II. Ginsberg, for the plaintiff.

Qua, J.

This action is brought to recover the amount of two deposits in the defendant bank, both of which stood in the name of the plaintiff.

These facts are established upon a case stated: One Berman in an action by trustee process against Jacob Karp attached the credits of said Jacob in the hands of the bank “whether standing in the name of the defendant [Jacob] and/or in the name of Dorothy Karp,” the present plaintiff. The bank at once notified Dorothy Karp of this attachment and that it was holding her deposits as trustee thereunder. Thereafter, in the trustee process, the bank answered that it had “an account standing in the name of Dorothy Karp” and “no other goods, effects or credits of the said defendant” Jacob Karp; the defendant Jacob Karp was defaulted; the bank was charged as trustee upon its answer; and upon execution issuing and demand by the officer, the bank paid to the officer the amount of the deposits standing in the name of the present plaintiff, Dorothy Karp. The bank had no knowledge of the true ownership of the deposits except such as might have been inferred from the form of the accounts. In fact both deposits were the sole property of the present plaintiff, Dorothy Karp.
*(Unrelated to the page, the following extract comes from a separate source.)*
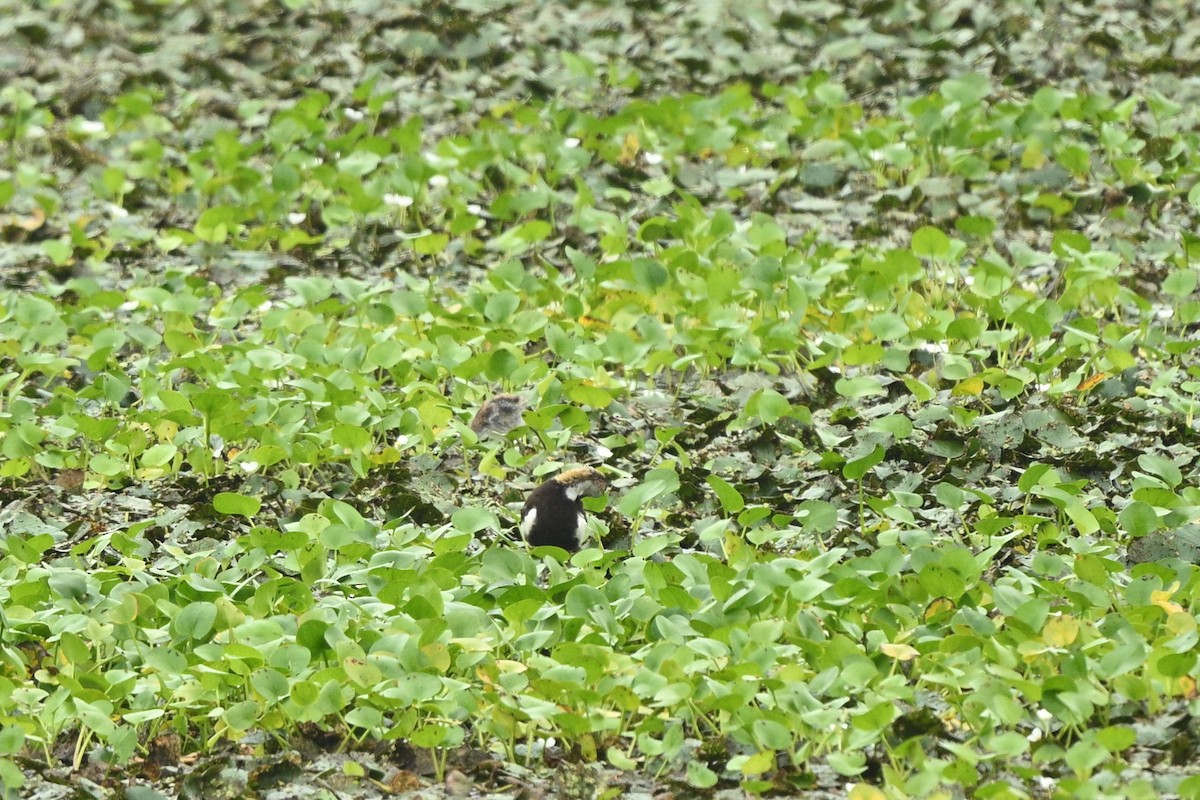 Pheasant-tailed Jacana - ML642652707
On'these facts the bank contends that the payment which it made on the execution in the trustee action against Jacob Karp is a defence to the present action by Dorothy Karp to recover her deposits. It bases this contention upon the propositions (1) that if the deposits had in truth been the property .of Jacob, though standing in the name of Dorothy, they: could have been recovered by Jacob in an action of contract against the bank, Broderick v. Waltham Savings Bank, 109 Mass. 149, Phillips v. Suffolk Savings Bank, 219 *367Mass. 597, Levin v. Lerner, 290 Mass. 294, and therefore could have been held in a trustee process in which Jacob was the defendant and the bank the trustee, Estabrook v. Earle, 97 Mass. 302; and (2) that as the bank gave the plaintiff timely notice that it had been summoned as trustee with respect to funds standing in her name, the plaintiff should have protected herself by coming into the trustee process as a claimant and that after standing aside until the bank has been charged as trustee and has paid, she cannot now recover her deposits from the bank. As authority for its second proposition the bank cites Randall v. Way, 111 Mass. 506. See also Wardle v. Briggs, 131 Mass. 518; Marvel v. Babbitt, 143 Mass. 226; Wilde v. Mahaney, 183 Mass. 455; and compare Butler v. Mullen, 100 Mass. 453.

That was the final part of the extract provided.